こちらは変な藻のようなものが浮いている。
汚いのでも平気なおっさんだが、ここには入りたくないと思った。
岩風呂を過ぎてさらに奥の方に行ってみる。
すると木製の湯船が現れた!
見た瞬間これなら入れるかもと思った。
うむ、お湯は多少白く濁っているが、それほど目立って汚れている訳ではない。
湯船をよく見ると手前側に塩ビ管が埋まっていて、その中に湯が吸い込まれている。
これを外せば湯を抜けるのか。
なんとおっさんは勢い余って塩ビ管を抜いてしまった。
もういいか。
綺麗に掃除して入ることにしよう。
勢い良く排出されるお湯。
なんだか凄く面倒なことになってきた気がした。
お湯は10分ほどで抜けてくれた。
残り僅かになったところで、備え付けのブラシを使ってゴシゴシと洗った。
湯船の横には掃除道具や湯おけが置いてある。
綺麗に掃除をしたところで、塩ビ管を元のように取り付けてお湯を貯める。
このようすを見た瞬間、早まったことをしたなと思った。
湯量はそれなりにあるのだが、湯船が大きすぎてなかなか貯まらない。
持参した玄米ご飯を食べて一息ついてもまだまだ時間がかかりそう。
そこで近所をウロウロすることにした。
なんと他にも木の湯船があった。
ここはブクブクとした泡が漂っている。
草の下に何かの残骸が見える。
沢靴の底はフェルトで柔らかく、釘やガラスの破片を踏むと貫通してケガをする。
それなので、ヤブをかき分けて注意深く歩いた。
ホースは井戸のようなところから延びていた。
ここは源泉が湧く井戸なのか。
ブルーシートと建物の残骸、奥には井戸のようなものが見える。
湯船の上流側。
熱いお湯が次から次へと流れてくる。
これは豊富な湯量だ。
手前の岩風呂の方に向かって飛び石の道が続いている。
かつてはここを多くの人々が行き来していたのだろう。
こんなところにもコンクリート製の湯船があった。
いや、ここは湯を貯めておくところか。
建物の残骸。
こんもりとした山となっている。
豪雪地帯では廃屋となった建物はしばらくすれば雪の重さに耐えかねて潰れてしまうことだろう。
まだお湯が貯まらないので、川に出てブラブラする。
温泉前から上流側を写した。
こちらは下流側の吊橋方向を写す。
朽ちかけた吊橋がなんとも痛々しい。
お湯はまだかとおっさんはたいそうご立腹だ。
待てども待てどもいっぱいにならない。
もう仕方ない。
待っていたら日が暮れてしまいそうなので、4分の1くらい貯まったところで、湯船に入ることにした。
裸になってサンダルを履いて湯船に近づく。
湯船の周りは泥濘んでいて、裸足で歩くと泥だらけになってしまう。
まともなところにサンダルを置いてお湯に入った。
すると熱くて足がしびれてくる。
このまま寝そべれば湯に浸かれるが、熱くて熱くて我慢出来ない。
せっかく掃除したのにゆっくりと浸かることが出来ないとは。
仕方ないので、桶にお湯を汲んでばちゃばちゃと浴びた。
それでもかなり熱かった。
こんなことならどこかで水浴びした方が良かったなと思った。
お湯を浴びてさっぱりしたところで、服を着て靴を履き出発することにした。
いつまでもここに留まることは出来ない。
再び雨が降ってくるとも限らない。
用が済めばさっさと退散しよう。
もうすぐダム底に沈んでしまうので、今回が最初で最後の田代元湯となった。
建物が壊れて露天風呂になってしまったので、お湯が汚れて掃除しないといけないのは面倒だった。
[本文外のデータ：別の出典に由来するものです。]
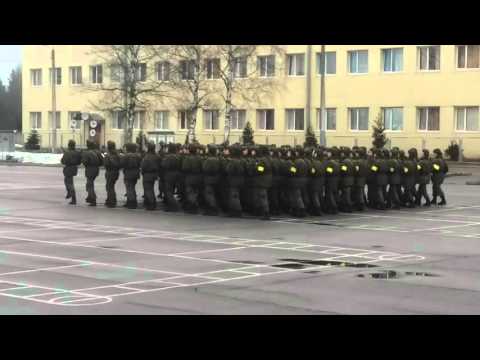 Видео: Подготовка к параду 2016 Каменка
しかし、ちょっとした探検気分が味わえておっさんも大満足だ。
最近、気分が優れなくて鬱々としっぱなしだったのに、少し気分が晴れた。
やっぱりゴロゴロしているんじゃなくて、外に出た方が気分転換になって良いと思った。
よし、岩風呂とも最後のお別れだ!
湯船に浸かることは出来なかったけど、なかなかいい雰囲気だったよ。
沈んでしまっても達者で過ごすんだぞ。
直ぐに魚達が寄ってくるので寂しくはないぞ。
吊橋のワイヤーに絡みついた草や流木。
川が増水するとここまで水に浸かるとなるとダムに沈む前に完全に崩壊してしまうかもしれないな。
行きは良くても帰りは渡れるとは限らない。
慎重にゆっくりと歩く。
単管パイプのつなぎ目が裂けたらそれでお仕舞い。
何本か繋ぎあわせているこのパイプ。
不思議と折れそうで折れない。
橋の半ばを過ぎてホッとしたところ。
縦になっているパイプはただぶら下がっているだけ。
強度アップには何の役にも立っていない。
帰りも道に迷わないように忠実に踏み跡を辿ってゆく。
この時は、地図を持っていなかったので、位置関係があやふや。
無事に入口に戻ることが出来た。
せっかくお湯を浴びたというのに、カッパで蒸れて汗が滲んでしまった。
下は脱いでいても暑かった。
本当になんのために温泉に入りに行ったか分からない。
まあ、自己満足のためだな。
なんとか雨に降られずに車に戻ってくることが出来た。
早速、道具の後片付けを行う。
湿度が高いので、干していてもそれほど乾いてくれなかった。
ここで駐車場から温泉までの所要時間を説明しておこう。
駐車場から山道入口まで 約15分。
山道入口から温泉まで 約25分。
合わせて約40分だった。
今回は工事が休みだったので、通行することが出来たが、工事中だと通れるかどうか分からない。
山道の入口入ってしばらくはヤブが濃いので、ケガをしないように長袖長ズボンを着用した方がいい。
沢の渡渉と崩壊しかけの吊橋があるとのことだったので、念のためヘルメットを被って沢靴を履いていった。
距離は短いが道の状態は良くないので、万全の態勢で行って欲しい。
ただし、どうなっても知らない。
こういうことは全て自己責任で。
何があっても自分のせい。
それが嫌ならお金を払って安心安全のちゃんとした温泉に入った方がいい。
予定では2018年にダムの底に沈んでしまうようだ。
温泉に入るチャンスは今年と来年くらいだろうか。
最後の吊橋が完全に崩壊して渡れなくなってしまうと、川の水が引いている時しか行けなくなってしまう。
行くなら早めに行っておいたほうが良いだろう。
もう私は一度入って十分満足。
正直なところ、川で水浴びした方が楽でいいと思った。
おわり
コメント
さすが隊長!田代温泉へのハードな道のりなんて余裕ですね。
日記楽しいです。
場所が分からなくて凄く迷いました。
ツカさんのブログを見ていたので、ガードロープを見た瞬間にこれだと分かりました。
元気を回復されて何よりです。
今回の探検、隊長の結論は「自己満足のため」であっても、自分では行けない所に連れて行ってもらって私はとても楽しかったですよ!
どうもありがとうございます。
今後もマニアックな場所を紹介したいと思います。